Ash Wednesday

*Serious Jest sits on the leather chair in front of Camera 1, the remnants of a cigar laying in the crystal ashtray on the oak table next to him. He sets an empty glass on the table and begins speaking*

SJ: I knew that I had done the right thing by leaving Greendale. I intended to keep coaching in the MML, but I had really pissed the Company off, and I didn’t intend to bend the knee. I knew they would lash out at any team that I decided to coach at the Pro level. I even thought about bringing TMNL back to the Pros, but they’ve been through so much already, and I couldn’t risk the attacks on those dear to them…including you. I was determined to fight, but I just hadn’t figured out how. For a while, I fell into a vicious cycle of romcomism.

*Cut to Camera 3, a frontal shot of Serious Jest, with the back of the reporter in the lower right frame*

Reporter: Romcomism?

SJ: It’s a serious disorder in which a normally alpha male buries his pent-up depression in bouts of ice cream, tears, and romantic comedies.

Reporter: Is this really a—

SJ: It’s a very serious affliction, as it can lead to obesity, or development of permanent Hobbitch syndrome. In extreme cases, your balls can even fall out.

Reporter: *sigh* I guess I knocked on your door at just right time, then.

SJ: I hadn’t heard from you since…well, you know. I didn’t know what you were up to, but I heard that you were investigating something big.

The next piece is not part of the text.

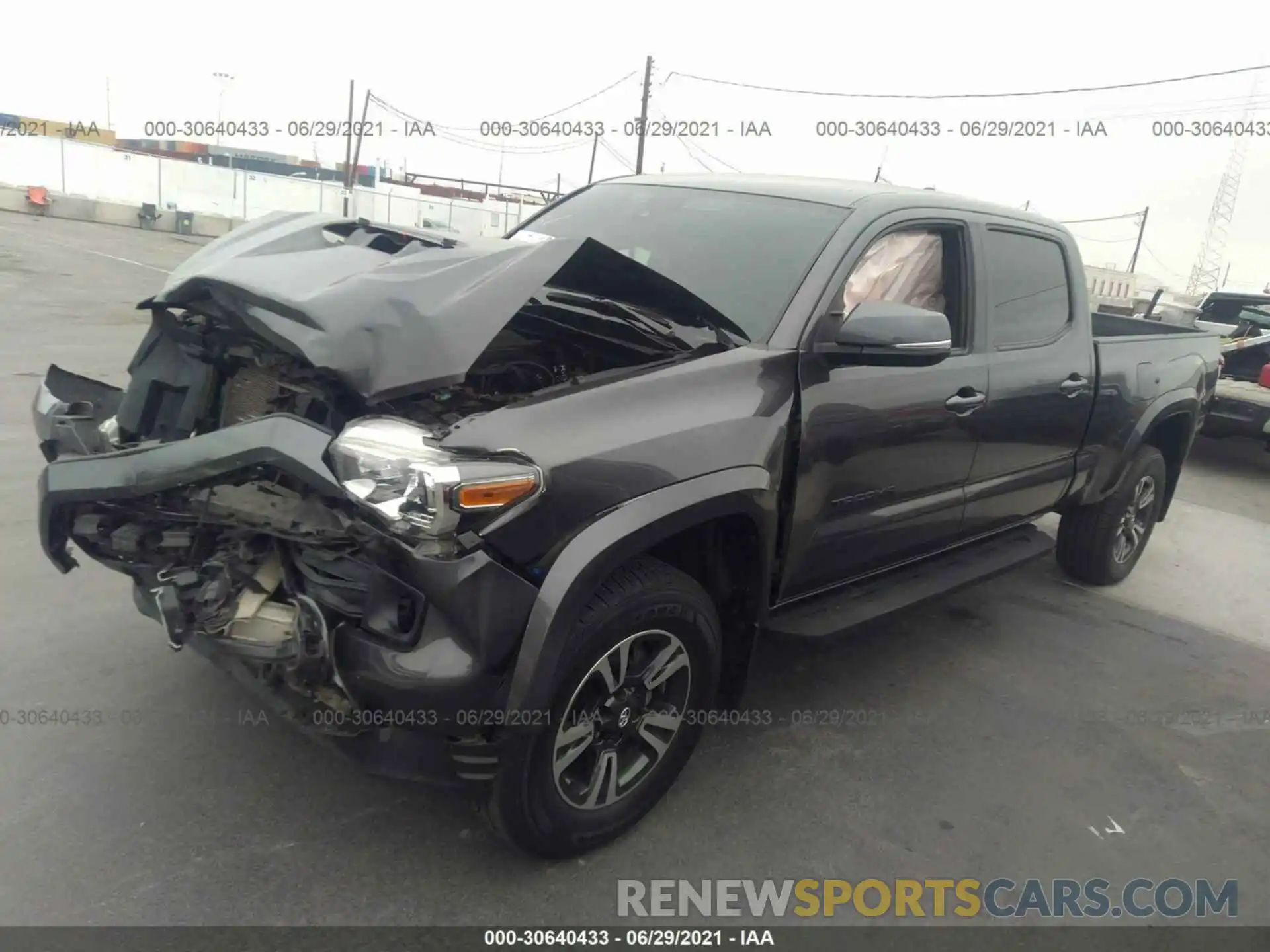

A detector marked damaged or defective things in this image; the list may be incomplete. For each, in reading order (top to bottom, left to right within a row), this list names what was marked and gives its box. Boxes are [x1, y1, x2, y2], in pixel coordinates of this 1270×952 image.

broken front bumper [33, 368, 540, 787]
broken headlight [327, 416, 540, 543]
crumpled hood [143, 208, 741, 403]
damaged gray pickup truck [30, 175, 1219, 863]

Reporter: And who knew that that something big was the answer to your problem.

*Cut to closeup*

SJ: The company can’t kill something that’s already dead. It can’t take something away from a team that has nothing to lose. So you took me to meet the guy you’d been following around, Ash. I gotta admit I was very skeptical…I mean, he’s got a chainsaw for a hand, and he carries around a shotgun that he calls his Boomstick. The only reason I agreed to go to that cabin in the middle of the woods on a late, windy Wednesday night with him is because you told me that he was Wilhelm Chaney’s first coach. And then he opened up that weird book, with the weird markings…I was about to trek outta there by myself. But after the bloody mayhem that ensued, and a very busy few hours of taming demons, much of which my memory is still hazy on, I met my future…the team that I was destined to coach. They stood before me, ready to score or kill on my command. They didn’t even have names, but they were absolutely beautiful…so, with ice cream and rom coms still on the brain, I named them the Hopeless Necromantics.

*Cut to Camera 2*

SJ: They have made quite some noise in the Farm, but they’ve become especially dangerous with our recent Transfer Market acquisition. We were looking for one more werewolf to fill out our ranks, when Ash told us about the scariest wolf he’s ever seen…a real monster from a squad named Necromania. I have a great trade relationship with their coach, Gerdleah. It’s how Ham Shank got to Greendale, and how Kevin HAART started terrorizing the Farm with the Dirty Dirty Rats. So, after some quick negotiation, Steve Cansmell joined Kevin on the Dirty Dirty Rats, and the Hopeless Necromantics got their Showstopper, Shawn Michaels.

*Cut to Camera 3*

SJ: I can’t thank you enough, April. You brought me back from the dead as a coach.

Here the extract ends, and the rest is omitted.